The recent stories on the demise of coal have had that frustrating nature. Folks who stop in here are aware that I've been saying coal was on the ropes for months and months. I've known that for years, indeed now decades. It wasn't going to be able to keep on keeping on. The truth of that was there.
Part of that is that, as noted, I try to analyze things for what they are, not for what I hope them to be, and no other conclusion seemed possible to reach. I think, quite frankly, that a lot of people in government and industry had reached the same conclusion, and I know that at least some major energy players did. When an outfit like British Petroleum dumped coal a couple of decades ago they were betting on it being a bad bet. And just because an outfit like Peabody stayed in it doesn't mean that they were convinced . R. T. Frazier, the successful saddle maker in Pueblo Colorado of the late 19th and early 20th Centuries reportedly told everyone that the thought the age of the horse was over, but that didn't mean that he quit making saddles.
I should note that I have personal experience with this. I've posted it elsewhere but when I was a geology student my focus was on coal. That was because the petroleum industry fell into what must be regarded as an economic depression and there was hope still for coal. I was about the only one focusing on it. No matter, in the downturn of the 80s coal was hit too and some mines were closed. No jobs. I spent a year looking for work unsuccessfully and then headed back to school. So, this is familiar to me personally.
And partially for that reason, I'm pretty sure I know what is going on.
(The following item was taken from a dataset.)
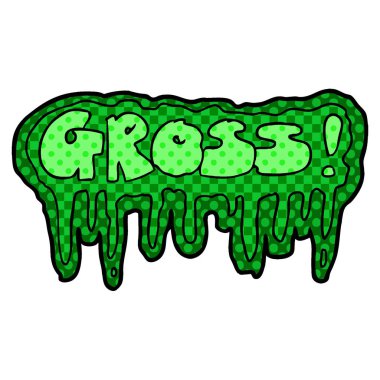 vektör çizim karikatür brüt sembolü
In today's local Tribune a series has started that will focus on the plight of the coal industry. Good for the paper, but quite frankly this is like reporting on the crash after the cars have collided. Still that should be done.
One thing that should not be done, however, is to give false hopes to people. The Tribune interviewed all of those running for the open U.S. Congress seat, and that's what motivated this post.
Politicians shouldn't offer false hopes. Indeed, doing that is the very thing that has caused the rebellion in the GOP and the Democratic Party this year leading two radical candidates to do so well, so far. Feeding into the hopes of a desperate group of people and a desperate state shouldn't be done, if it can't produce results. When that blows up, it's a disaster.
Let's be honest. Everyone who speaks of regulations being the cause of this is flat out wrong. It isn't. Coal was able to work around the regulations.
Everyone who is holding out hope for "clean coal technology" to reverse this is pinning their hopes on a long shot. It's worth looking into, and developing, but it is a long shot.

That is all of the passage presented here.